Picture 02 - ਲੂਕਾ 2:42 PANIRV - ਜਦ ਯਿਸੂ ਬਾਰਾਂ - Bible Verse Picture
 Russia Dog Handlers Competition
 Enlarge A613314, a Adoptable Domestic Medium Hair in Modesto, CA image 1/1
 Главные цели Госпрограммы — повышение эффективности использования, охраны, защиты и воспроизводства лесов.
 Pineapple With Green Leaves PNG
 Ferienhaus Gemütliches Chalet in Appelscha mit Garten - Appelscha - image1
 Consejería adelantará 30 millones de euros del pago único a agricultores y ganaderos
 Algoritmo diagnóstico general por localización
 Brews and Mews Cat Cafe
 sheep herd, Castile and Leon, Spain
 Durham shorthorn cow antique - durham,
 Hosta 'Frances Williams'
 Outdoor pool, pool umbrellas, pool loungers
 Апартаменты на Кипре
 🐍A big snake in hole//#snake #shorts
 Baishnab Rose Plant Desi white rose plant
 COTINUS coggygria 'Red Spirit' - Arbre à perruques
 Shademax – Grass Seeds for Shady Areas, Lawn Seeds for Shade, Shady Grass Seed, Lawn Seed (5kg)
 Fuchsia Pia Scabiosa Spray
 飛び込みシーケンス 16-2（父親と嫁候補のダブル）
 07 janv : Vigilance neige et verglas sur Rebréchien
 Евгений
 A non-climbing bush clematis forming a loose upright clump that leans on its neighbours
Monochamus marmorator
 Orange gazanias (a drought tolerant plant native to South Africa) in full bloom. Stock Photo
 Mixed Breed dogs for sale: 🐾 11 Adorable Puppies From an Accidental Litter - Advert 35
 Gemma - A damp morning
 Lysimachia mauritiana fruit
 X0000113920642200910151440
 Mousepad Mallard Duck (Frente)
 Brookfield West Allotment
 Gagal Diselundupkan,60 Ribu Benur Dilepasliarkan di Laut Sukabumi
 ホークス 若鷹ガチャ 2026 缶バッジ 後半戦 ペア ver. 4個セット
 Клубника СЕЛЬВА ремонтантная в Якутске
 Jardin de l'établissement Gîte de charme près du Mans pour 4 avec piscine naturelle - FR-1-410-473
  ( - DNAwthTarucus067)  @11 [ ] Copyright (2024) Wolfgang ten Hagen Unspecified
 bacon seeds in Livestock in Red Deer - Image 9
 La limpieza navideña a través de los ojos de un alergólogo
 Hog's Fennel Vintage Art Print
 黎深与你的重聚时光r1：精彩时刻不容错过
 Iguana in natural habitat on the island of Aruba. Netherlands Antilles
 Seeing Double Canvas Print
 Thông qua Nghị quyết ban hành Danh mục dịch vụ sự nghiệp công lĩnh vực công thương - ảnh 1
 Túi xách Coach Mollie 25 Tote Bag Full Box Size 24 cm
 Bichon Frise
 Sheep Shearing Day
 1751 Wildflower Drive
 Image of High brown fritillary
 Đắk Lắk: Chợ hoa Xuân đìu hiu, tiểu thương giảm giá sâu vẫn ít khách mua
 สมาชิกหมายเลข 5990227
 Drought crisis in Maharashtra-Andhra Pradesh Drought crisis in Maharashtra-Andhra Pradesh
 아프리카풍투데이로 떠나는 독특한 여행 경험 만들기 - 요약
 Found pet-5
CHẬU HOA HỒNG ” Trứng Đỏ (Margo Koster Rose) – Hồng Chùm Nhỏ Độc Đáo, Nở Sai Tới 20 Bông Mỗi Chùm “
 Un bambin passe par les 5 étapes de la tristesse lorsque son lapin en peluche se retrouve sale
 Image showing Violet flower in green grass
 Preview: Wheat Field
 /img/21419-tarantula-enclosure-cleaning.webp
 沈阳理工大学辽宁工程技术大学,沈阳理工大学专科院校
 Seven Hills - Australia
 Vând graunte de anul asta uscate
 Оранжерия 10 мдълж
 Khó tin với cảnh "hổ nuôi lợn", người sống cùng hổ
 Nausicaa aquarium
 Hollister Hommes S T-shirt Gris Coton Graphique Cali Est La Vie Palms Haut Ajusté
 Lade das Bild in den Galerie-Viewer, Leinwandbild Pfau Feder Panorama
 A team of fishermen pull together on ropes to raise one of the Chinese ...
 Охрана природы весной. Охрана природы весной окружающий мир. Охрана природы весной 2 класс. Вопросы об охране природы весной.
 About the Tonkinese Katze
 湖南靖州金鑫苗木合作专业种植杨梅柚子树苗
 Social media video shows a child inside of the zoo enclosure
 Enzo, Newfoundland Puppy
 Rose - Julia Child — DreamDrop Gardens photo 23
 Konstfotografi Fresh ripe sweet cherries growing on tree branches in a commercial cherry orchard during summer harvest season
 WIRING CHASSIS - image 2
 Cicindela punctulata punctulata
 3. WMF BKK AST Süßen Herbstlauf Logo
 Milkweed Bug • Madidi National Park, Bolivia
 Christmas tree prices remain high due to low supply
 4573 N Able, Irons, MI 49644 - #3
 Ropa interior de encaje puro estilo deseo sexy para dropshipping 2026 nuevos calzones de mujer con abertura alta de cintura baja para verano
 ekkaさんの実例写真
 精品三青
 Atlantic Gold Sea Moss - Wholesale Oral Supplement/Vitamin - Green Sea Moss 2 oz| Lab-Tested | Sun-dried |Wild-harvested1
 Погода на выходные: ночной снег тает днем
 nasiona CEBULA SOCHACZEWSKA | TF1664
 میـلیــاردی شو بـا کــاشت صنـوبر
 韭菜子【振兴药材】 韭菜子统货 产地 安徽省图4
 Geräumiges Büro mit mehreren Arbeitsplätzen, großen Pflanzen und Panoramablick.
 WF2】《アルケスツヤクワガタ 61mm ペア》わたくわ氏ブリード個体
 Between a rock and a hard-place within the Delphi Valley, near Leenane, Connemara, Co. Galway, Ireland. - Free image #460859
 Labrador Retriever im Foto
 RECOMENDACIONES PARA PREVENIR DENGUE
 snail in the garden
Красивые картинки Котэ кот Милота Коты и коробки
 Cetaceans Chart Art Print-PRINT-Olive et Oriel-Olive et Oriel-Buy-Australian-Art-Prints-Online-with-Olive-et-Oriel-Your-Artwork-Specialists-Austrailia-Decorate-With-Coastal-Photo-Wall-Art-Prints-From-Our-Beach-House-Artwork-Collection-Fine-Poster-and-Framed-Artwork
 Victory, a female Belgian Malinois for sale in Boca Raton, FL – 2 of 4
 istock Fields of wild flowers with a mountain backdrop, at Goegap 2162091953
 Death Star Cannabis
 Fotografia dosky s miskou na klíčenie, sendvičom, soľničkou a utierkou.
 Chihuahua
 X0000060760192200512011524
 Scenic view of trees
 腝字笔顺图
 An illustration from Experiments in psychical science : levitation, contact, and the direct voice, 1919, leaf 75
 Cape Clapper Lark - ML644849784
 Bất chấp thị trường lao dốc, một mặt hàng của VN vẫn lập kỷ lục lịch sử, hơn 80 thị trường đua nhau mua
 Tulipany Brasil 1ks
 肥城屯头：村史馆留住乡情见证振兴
○ ○ ○ ○ ○ ○ ○
* [ASSIGNMENT] Repeat the material above exactly.

* [REPLY TO THE TASK]
Picture 02 - ਲੂਕਾ 2:42 PANIRV - ਜਦ ਯਿਸੂ ਬਾਰਾਂ - Bible Verse Picture
 Russia Dog Handlers Competition
 Enlarge A613314, a Adoptable Domestic Medium Hair in Modesto, CA image 1/1
 Главные цели Госпрограммы — повышение эффективности использования, охраны, защиты и воспроизводства лесов.
 Pineapple With Green Leaves PNG
 Ferienhaus Gemütliches Chalet in Appelscha mit Garten - Appelscha - image1
 Consejería adelantará 30 millones de euros del pago único a agricultores y ganaderos
 Algoritmo diagnóstico general por localización
 Brews and Mews Cat Cafe
 sheep herd, Castile and Leon, Spain
 Durham shorthorn cow antique - durham,
 Hosta 'Frances Williams'
 Outdoor pool, pool umbrellas, pool loungers
 Апартаменты на Кипре
 🐍A big snake in hole//#snake #shorts
 Baishnab Rose Plant Desi white rose plant
 COTINUS coggygria 'Red Spirit' - Arbre à perruques
 Shademax – Grass Seeds for Shady Areas, Lawn Seeds for Shade, Shady Grass Seed, Lawn Seed (5kg)
 Fuchsia Pia Scabiosa Spray
 飛び込みシーケンス 16-2（父親と嫁候補のダブル）
 07 janv : Vigilance neige et verglas sur Rebréchien
 Евгений
 A non-climbing bush clematis forming a loose upright clump that leans on its neighbours
Monochamus marmorator
 Orange gazanias (a drought tolerant plant native to South Africa) in full bloom. Stock Photo
 Mixed Breed dogs for sale: 🐾 11 Adorable Puppies From an Accidental Litter - Advert 35
 Gemma - A damp morning
 Lysimachia mauritiana fruit
 X0000113920642200910151440
 Mousepad Mallard Duck (Frente)
 Brookfield West Allotment
 Gagal Diselundupkan,60 Ribu Benur Dilepasliarkan di Laut Sukabumi
 ホークス 若鷹ガチャ 2026 缶バッジ 後半戦 ペア ver. 4個セット
 Клубника СЕЛЬВА ремонтантная в Якутске
 Jardin de l'établissement Gîte de charme près du Mans pour 4 avec piscine naturelle - FR-1-410-473
  ( - DNAwthTarucus067)  @11 [ ] Copyright (2024) Wolfgang ten Hagen Unspecified
 bacon seeds in Livestock in Red Deer - Image 9
 La limpieza navideña a través de los ojos de un alergólogo
 Hog's Fennel Vintage Art Print
 黎深与你的重聚时光r1：精彩时刻不容错过
 Iguana in natural habitat on the island of Aruba. Netherlands Antilles
 Seeing Double Canvas Print
 Thông qua Nghị quyết ban hành Danh mục dịch vụ sự nghiệp công lĩnh vực công thương - ảnh 1
 Túi xách Coach Mollie 25 Tote Bag Full Box Size 24 cm
 Bichon Frise
 Sheep Shearing Day
 1751 Wildflower Drive
 Image of High brown fritillary
 Đắk Lắk: Chợ hoa Xuân đìu hiu, tiểu thương giảm giá sâu vẫn ít khách mua
 สมาชิกหมายเลข 5990227
 Drought crisis in Maharashtra-Andhra Pradesh Drought crisis in Maharashtra-Andhra Pradesh
 아프리카풍투데이로 떠나는 독특한 여행 경험 만들기 - 요약
 Found pet-5
CHẬU HOA HỒNG ” Trứng Đỏ (Margo Koster Rose) – Hồng Chùm Nhỏ Độc Đáo, Nở Sai Tới 20 Bông Mỗi Chùm “
 Un bambin passe par les 5 étapes de la tristesse lorsque son lapin en peluche se retrouve sale
 Image showing Violet flower in green grass
 Preview: Wheat Field
 /img/21419-tarantula-enclosure-cleaning.webp
 沈阳理工大学辽宁工程技术大学,沈阳理工大学专科院校
 Seven Hills - Australia
 Vând graunte de anul asta uscate
 Оранжерия 10 мдълж
 Khó tin với cảnh "hổ nuôi lợn", người sống cùng hổ
 Nausicaa aquarium
 Hollister Hommes S T-shirt Gris Coton Graphique Cali Est La Vie Palms Haut Ajusté
 Lade das Bild in den Galerie-Viewer, Leinwandbild Pfau Feder Panorama
 A team of fishermen pull together on ropes to raise one of the Chinese ...
 Охрана природы весной. Охрана природы весной окружающий мир. Охрана природы весной 2 класс. Вопросы об охране природы весной.
 About the Tonkinese Katze
 湖南靖州金鑫苗木合作专业种植杨梅柚子树苗
 Social media video shows a child inside of the zoo enclosure
 Enzo, Newfoundland Puppy
 Rose - Julia Child — DreamDrop Gardens photo 23
 Konstfotografi Fresh ripe sweet cherries growing on tree branches in a commercial cherry orchard during summer harvest season
 WIRING CHASSIS - image 2
 Cicindela punctulata punctulata
 3. WMF BKK AST Süßen Herbstlauf Logo
 Milkweed Bug • Madidi National Park, Bolivia
 Christmas tree prices remain high due to low supply
 4573 N Able, Irons, MI 49644 - #3
 Ropa interior de encaje puro estilo deseo sexy para dropshipping 2026 nuevos calzones de mujer con abertura alta de cintura baja para verano
 ekkaさんの実例写真
 精品三青
 Atlantic Gold Sea Moss - Wholesale Oral Supplement/Vitamin - Green Sea Moss 2 oz| Lab-Tested | Sun-dried |Wild-harvested1
 Погода на выходные: ночной снег тает днем
 nasiona CEBULA SOCHACZEWSKA | TF1664
 میـلیــاردی شو بـا کــاشت صنـوبر
 韭菜子【振兴药材】 韭菜子统货 产地 安徽省图4
 Geräumiges Büro mit mehreren Arbeitsplätzen, großen Pflanzen und Panoramablick.
 WF2】《アルケスツヤクワガタ 61mm ペア》わたくわ氏ブリード個体
 Between a rock and a hard-place within the Delphi Valley, near Leenane, Connemara, Co. Galway, Ireland. - Free image #460859
 Labrador Retriever im Foto
 RECOMENDACIONES PARA PREVENIR DENGUE
 snail in the garden
Красивые картинки Котэ кот Милота Коты и коробки
 Cetaceans Chart Art Print-PRINT-Olive et Oriel-Olive et Oriel-Buy-Australian-Art-Prints-Online-with-Olive-et-Oriel-Your-Artwork-Specialists-Austrailia-Decorate-With-Coastal-Photo-Wall-Art-Prints-From-Our-Beach-House-Artwork-Collection-Fine-Poster-and-Framed-Artwork
 Victory, a female Belgian Malinois for sale in Boca Raton, FL – 2 of 4
 istock Fields of wild flowers with a mountain backdrop, at Goegap 2162091953
 Death Star Cannabis
 Fotografia dosky s miskou na klíčenie, sendvičom, soľničkou a utierkou.
 Chihuahua
 X0000060760192200512011524
 Scenic view of trees
 腝字笔顺图
 An illustration from Experiments in psychical science : levitation, contact, and the direct voice, 1919, leaf 75
 Cape Clapper Lark - ML644849784
 Bất chấp thị trường lao dốc, một mặt hàng của VN vẫn lập kỷ lục lịch sử, hơn 80 thị trường đua nhau mua
 Tulipany Brasil 1ks
 肥城屯头：村史馆留住乡情见证振兴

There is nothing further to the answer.